Ciertamente, es aquí donde nos encontramos plenamente con el gran Wells. El Wells que, so color de escribir relatos de ficciones científicas, difunde constantemente las concepciones éticas y sociales que le son más queridas. Y ello sin monsergas, ni sermones. Esto tiene, más bien, el aspecto de una Revelación. La visión de un Wells que, desde detrás de los decorados y los actores del drama futurista al cual asistimos, surge de pronto y lo reduce todo a una simple yuxtaposición de símbolos: «Este drama, parece decir el autor, este drama de otro planeta, de otro siglo futuro, de una isla desierta. ¡Este drama, al que habéis asistido con la absoluta certeza de que no os concernía en nada, es vuestro drama! ¡Estos marcianos, estos hombres del año 10.000, estos hombres-cerdos del Dr. Moreau, sois vosotros!».

  

La novela de Wells fue trasladada a la pantalla en una cinta denominada Island of Lost Souls, con Charles Laughton y Bela Lugosi en los papeles estelares

Y, bajo este aspecto, Wells, es el verdadero padre de la S. F., pues Verne, que tiene indudablemente otras cualidades, no alcanzó esta dimensión en la que el presente y el futuro se confunden en una misma interrogación. La aventura del hombre invisible, la del piloto de la máquina del tiempo, o la del durmiente que despierta en un mundo futuro, o esta misma de Prentick en la isla de los hombres-bestias, son nuestras aventuras. Con su mezcla de ciencia y de ficción, Wells nos descubre otro mundo. Y, cuando ya estamos bien apercibidos de que este otro mundo nos es ajeno, de pronto nos muestra que todo ello somos nosotros mismos, pero vistos desde otro ángulo. Porque, una vez descubierta la isla diabólica, sus monstruos inquietantes, sus laboratorios llenos de escalpelos y alaridos, no es muy difícil el imaginar que hay otros «Doctores Moreau» mucho más próximos a nosotros en el tiempo, así como también otros monstruos, ni hombres ni bestias.
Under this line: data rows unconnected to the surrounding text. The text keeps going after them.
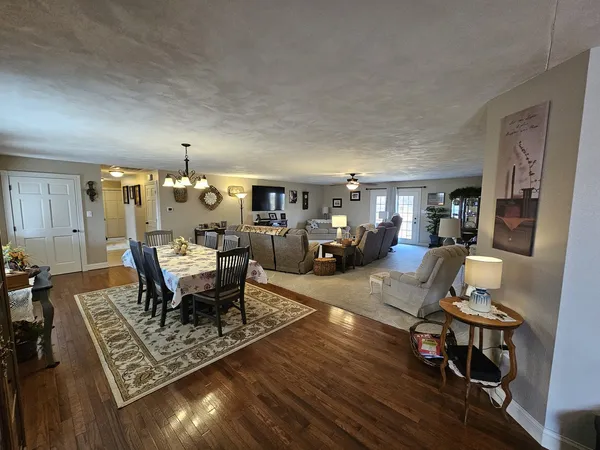 $285,000 | 204 Greenwalt Street, Wayne City, IL 62895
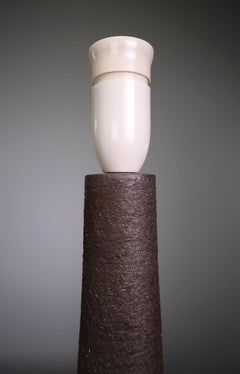 Grande lampada in gres rustico marrone fatta a mano di Johannes Hansen 1960, Danimarca
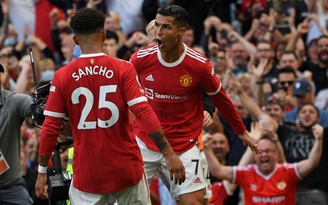 Ronaldo tỏa sáng trong ngày ra mắt M.U, bất chấp cáo buộc tấn công tình dục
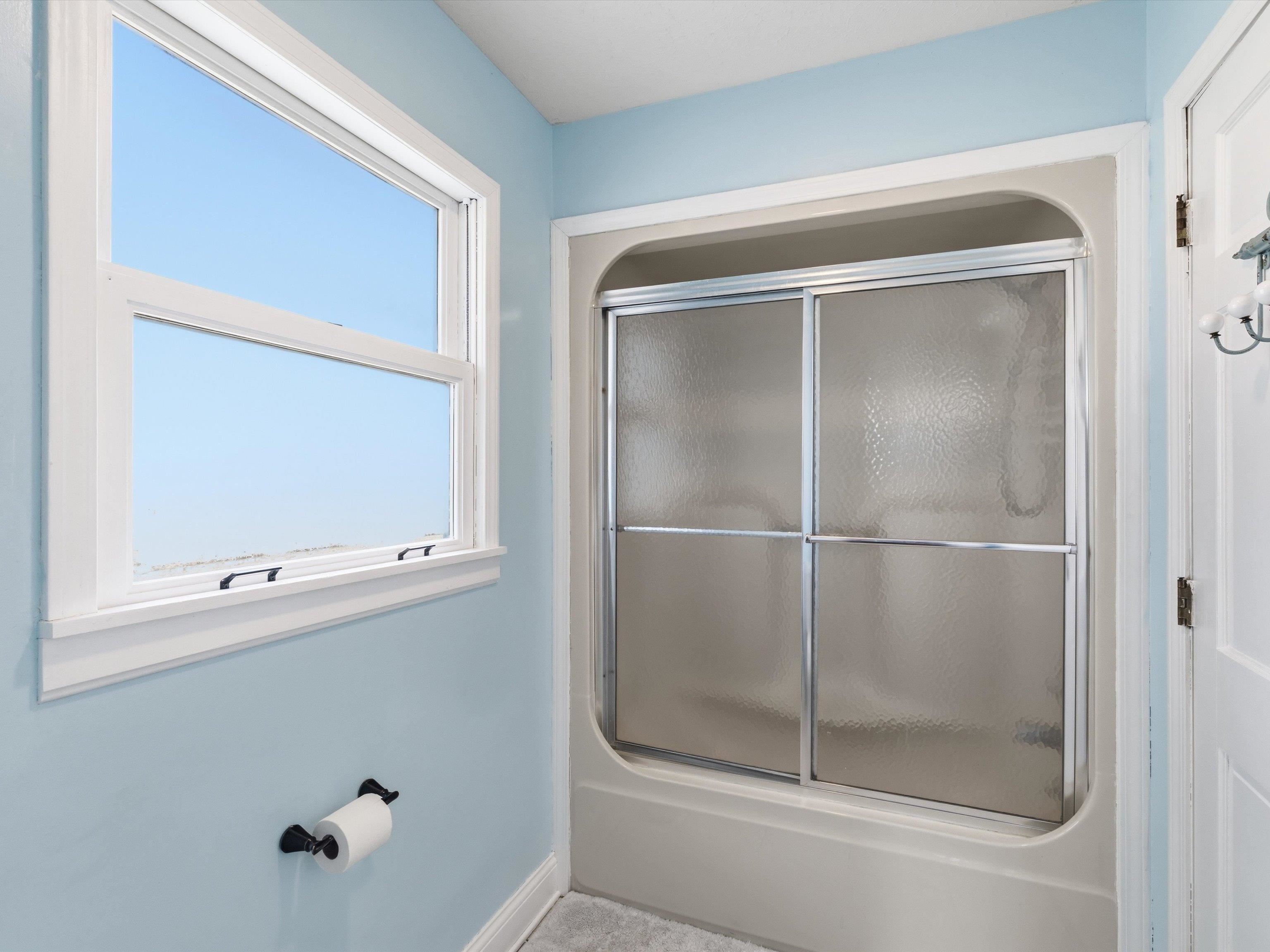 425 Pettit Rd, Owensboro, Kentucky 42303, 3 Bedrooms Bedrooms, ,2 BathroomsBathrooms,Single Family Residence,For Sale,Pettit Rd,94236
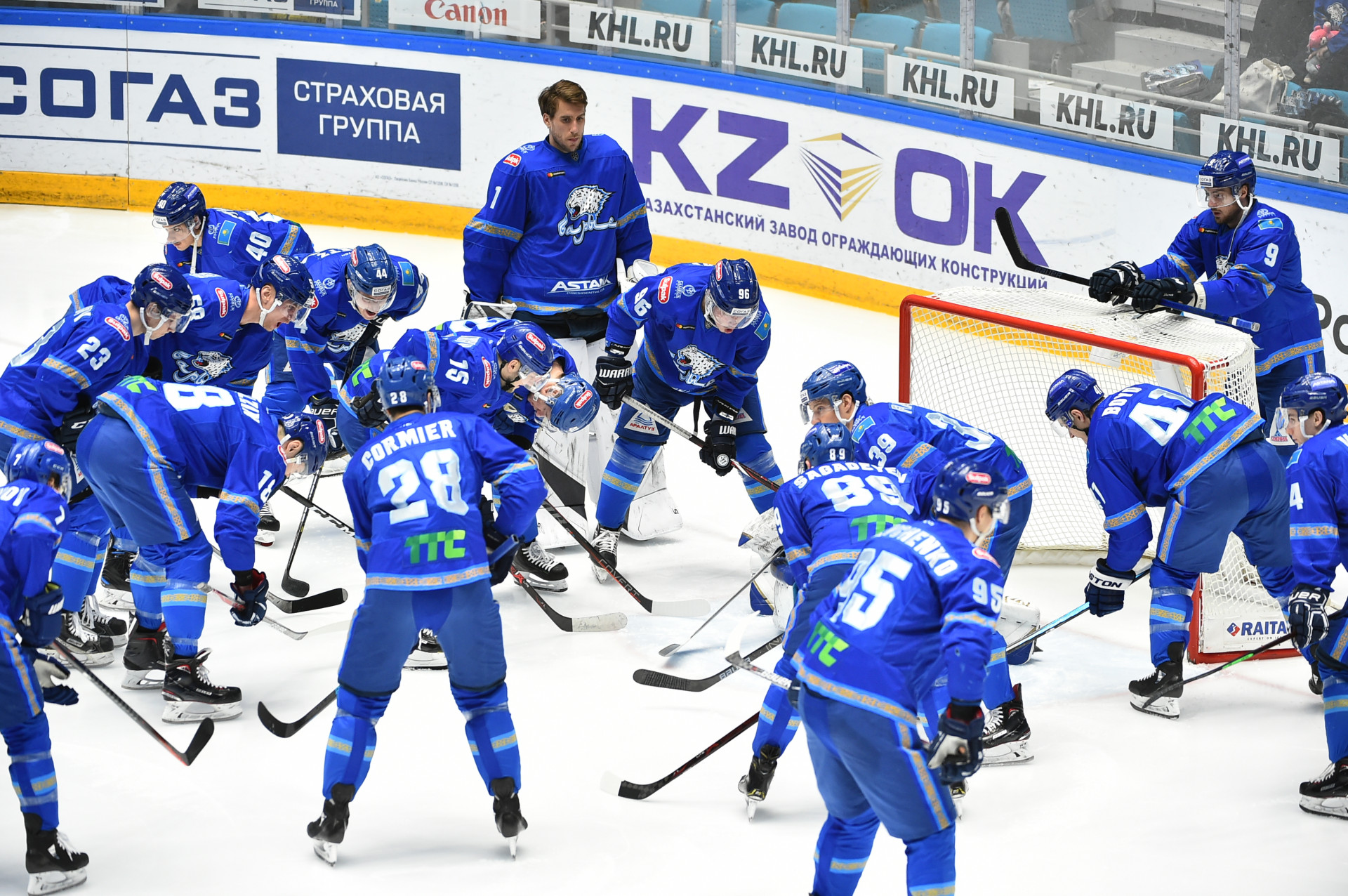 Астанинский "Барыс" до конца года в рамках Конитентальной хоккейной лиги проведёт две выездные игры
Novela de angustia esta, sí; pero de una angustia que es algo más que un simple pavor superficial o un estremecimiento nervioso. Una angustia que, en la sobrecargada atmósfera de la isla, hace resurgir el viejo miedo ancestral que asedia al hombre desde el día en que, adoptada la posición vertical y descubierto el fuego, se le ocurre pensar en lo que realmente sea esta cosa que llamamos hombre.